I do not believe that the changes that began to take place from the 80’s on in the CCNY Bilingual Education Program were simply curricular trends; a trend that “strangely enough”, a decade later also involved the Workshop Center for Open Education. It was quite disturbing to see that a certain pattern also became part of the focus: to view Puerto Rican students as in need of compensatory education. I almost fell off a chair when listening to a Cuban colleague referring to Puerto Ricans as “docile”, and comparing us against other Latino groups, by claiming how much better the “others”  were doing academically (a poorly studied theme since over all, Puerto Ricans were doing as well or better than any other Latin American group in its totality; and a daring thing to say, given the distrust there was at the time between Puerto Ricans in New York, Miami, New Jersey and the mostly self identified as "white" Cuban immigrants).

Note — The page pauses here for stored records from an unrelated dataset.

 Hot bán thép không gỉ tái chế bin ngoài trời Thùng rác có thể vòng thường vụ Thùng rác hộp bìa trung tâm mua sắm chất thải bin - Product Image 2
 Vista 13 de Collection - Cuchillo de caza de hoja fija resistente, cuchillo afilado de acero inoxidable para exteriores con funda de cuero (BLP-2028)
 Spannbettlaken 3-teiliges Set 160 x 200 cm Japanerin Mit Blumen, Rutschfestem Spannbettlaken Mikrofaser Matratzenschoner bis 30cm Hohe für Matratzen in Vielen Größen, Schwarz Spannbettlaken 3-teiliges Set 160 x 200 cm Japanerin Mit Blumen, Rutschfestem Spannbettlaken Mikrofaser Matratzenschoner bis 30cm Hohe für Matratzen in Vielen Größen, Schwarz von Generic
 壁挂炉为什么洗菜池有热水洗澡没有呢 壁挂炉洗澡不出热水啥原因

Clearly, the Cuban educator had not read the work of intellectuals dismantling such a “racist” idea and how it was formulated historically (there is plenty of literature on this word "docile" and how it was created and promoted to justify racist views and colonial politics). 

Then, there was the Colombian educator asking the faculty to study Puerto Rican kids “learning failures”. In her very progressive school, the failure had nothing to do with the school itself, of course, she claimed, not realizing that very poor kids in mostly middle class schools will usually do worse than the average ones, and had nothing to do with ethnicity. (How Latinos were and are often hired to replace Puerto Ricans, and how Bilingual Education has been used to discriminate against Puerto Ricans, by the “White Leaders” in control, are topics for later essay.)

What came later on was racism dressed-up as “caring for the other”,  and a little later, It included some form of “fascism”. It is a well known fact that some professors work for the security apparatus of the State. I heard of two of them at CCNY, and in Puerto Rico, around that same time, when two university students had been entrapped and killed by undercover police working within the campus of the UPR— state-sponsored murders. It was neither the first time, nor would it be the last, when the USA-security apparatus killed Puerto Rican independence supporters. 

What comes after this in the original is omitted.